Stefano Ceci è stato uno degli amici più sinceri di Diego e ha condiviso con lui gran parte della sua vita, seguendolo a Cuba e Dubai. Oggi non si trattiene nel raccontare cosa hanno fatto all'ex capitano del Napoli e dell'Argentina. Fieramente avversato dai figli del Pibe a causa dei diritti di immagine che Maradona gli concesse per qualche marchio (molti altri li possiede l'avvocato Matias Morla), Ceci ribatte alle accuse con veemenza: "Ma io ho vissuto per vent'anni insieme a Diego, ho tutte le prove dei nostri contratti, infatti ho sempre vinto in tribunale e non temo certo i parassiti che sfruttavano Maradona da vivo, e vogliono sfruttarlo pure da morto".

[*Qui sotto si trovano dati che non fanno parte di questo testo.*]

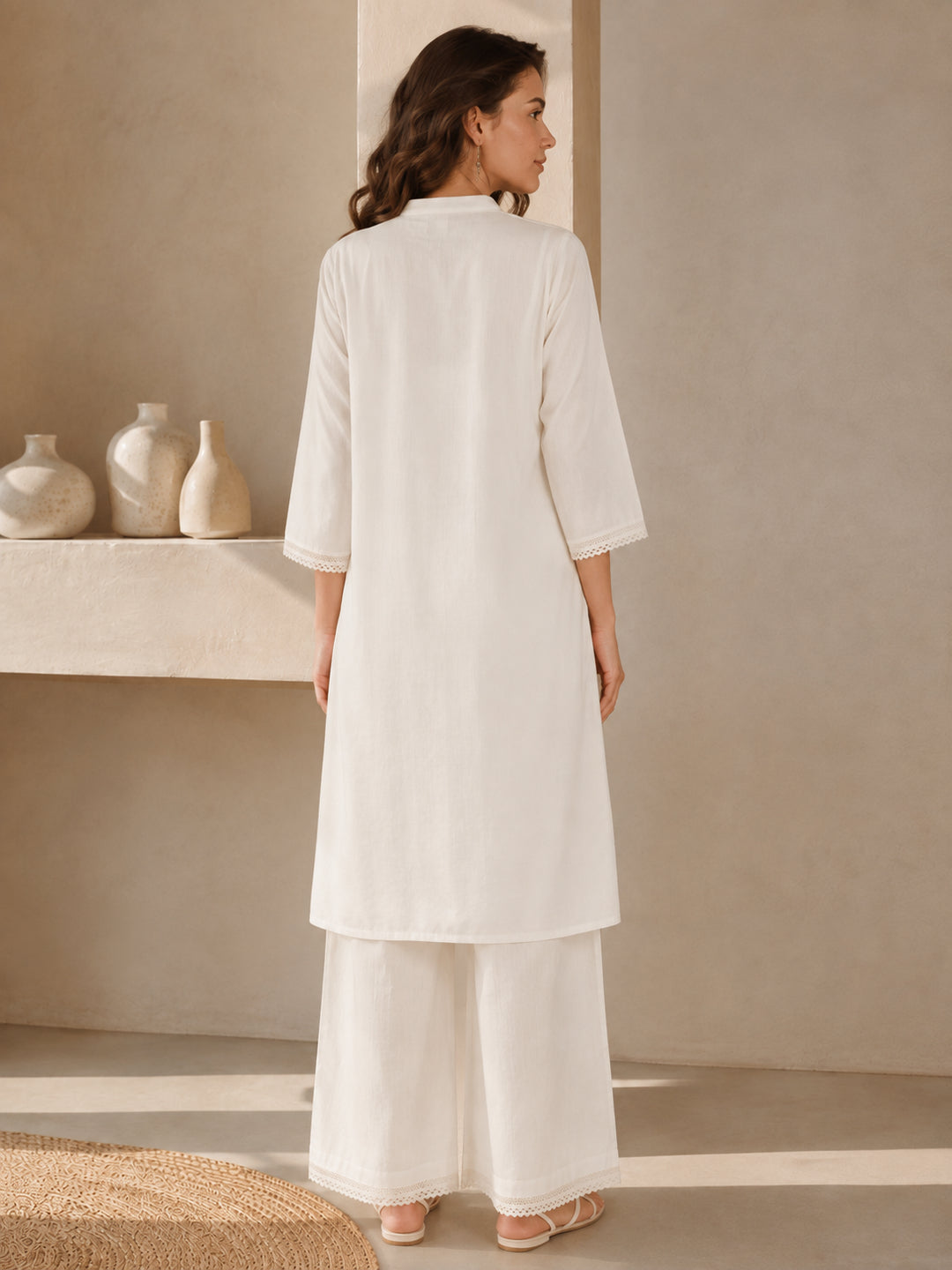 Solid Straight Pure Cotton Co-Ord Set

"Le accuse degli eredi? Miserabili. Eppure continuo a mandare bonifici pari al 50 per cento di ogni affare concluso, come voleva Diego. Lui era lì sul letto, morto e ancora caldo, e c'era chi gli svuotava il frigorifero. Si sono fregati pure le cose da mangiare", attacca Ceci a Repubblica, con immagini fortissime che dipingono uno scenario di tristezza e squallore nella casa di Tigre dove Maradona finì i suoi giorni dopo essere stato operato alla testa.

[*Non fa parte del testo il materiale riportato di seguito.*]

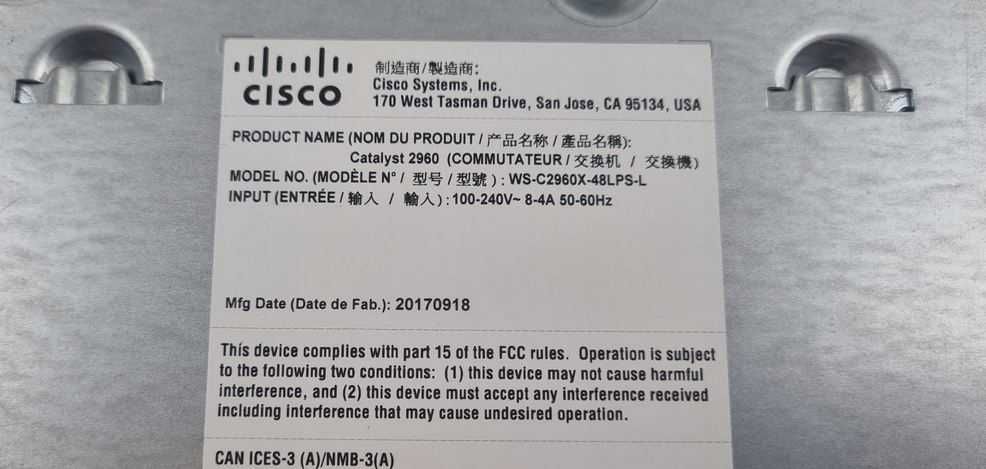 Switch CiSCO C2960X-48LPS-L POE+ 1GB SPF 370W  rack USB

Il vecchio amico di Diego è un fume in piena: "Gli hanno fatto cambiare quattro case soltanto nell'ultimo anno, le signore figlie, per poi mandarlo a morire nella jungla. A Napoli c'è un proverbio che dice: il morto lo piangono tutti, ma nessuno se lo vuole portare. Quando lo vidi per l'ultima volta, Diego era nel ritiro del Gimnasia, la squadra che allenava. Aveva giocato a pallone, ma non c'era acqua calda per lavarsi: lo aiutammo io e Christian Jorgensen, il suo assistente. Scaldammo l'acqua sul gas della cucina, non c'era nemmeno lo shampoo. Ecco come viveva Diego. Quando sento dire ‘ma come è morto?', io rispondo: non è morto così, è vissuto così, solo come un cane. Ha avuto tutto e non ha avuto niente".